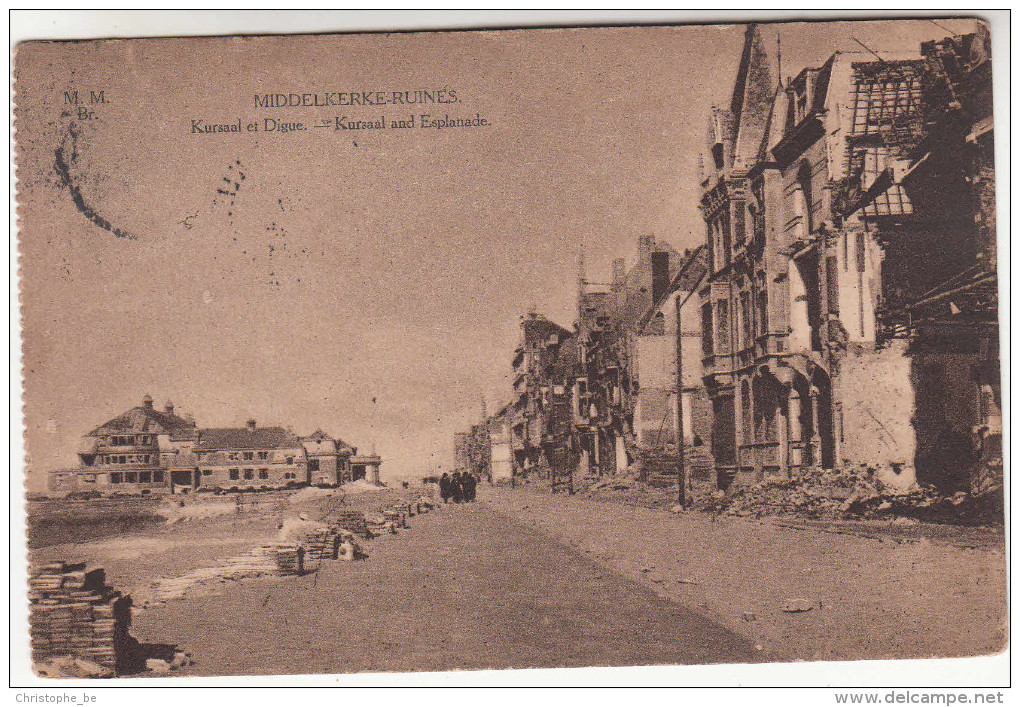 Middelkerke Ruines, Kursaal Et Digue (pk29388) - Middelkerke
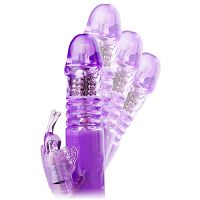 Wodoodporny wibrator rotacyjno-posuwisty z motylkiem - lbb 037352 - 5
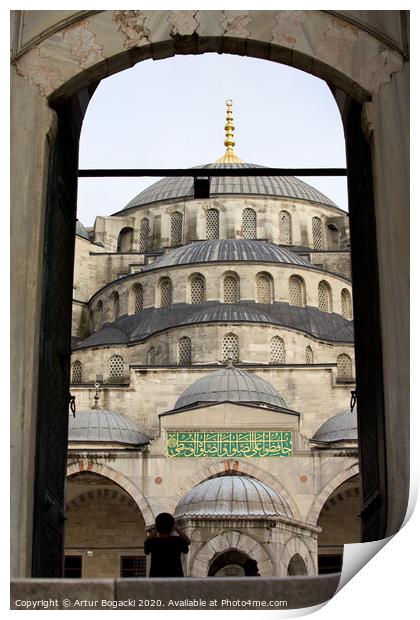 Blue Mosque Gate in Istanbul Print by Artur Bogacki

———

Description of the task:
When repeating the listing, keep each line exact and exclude the pictures.

Exercise answer:
 Middelkerke Ruines, Kursaal Et Digue (pk29388) - Middelkerke
 Wodoodporny wibrator rotacyjno-posuwisty z motylkiem - lbb 037352 - 5
 Blue Mosque Gate in Istanbul Print by Artur Bogacki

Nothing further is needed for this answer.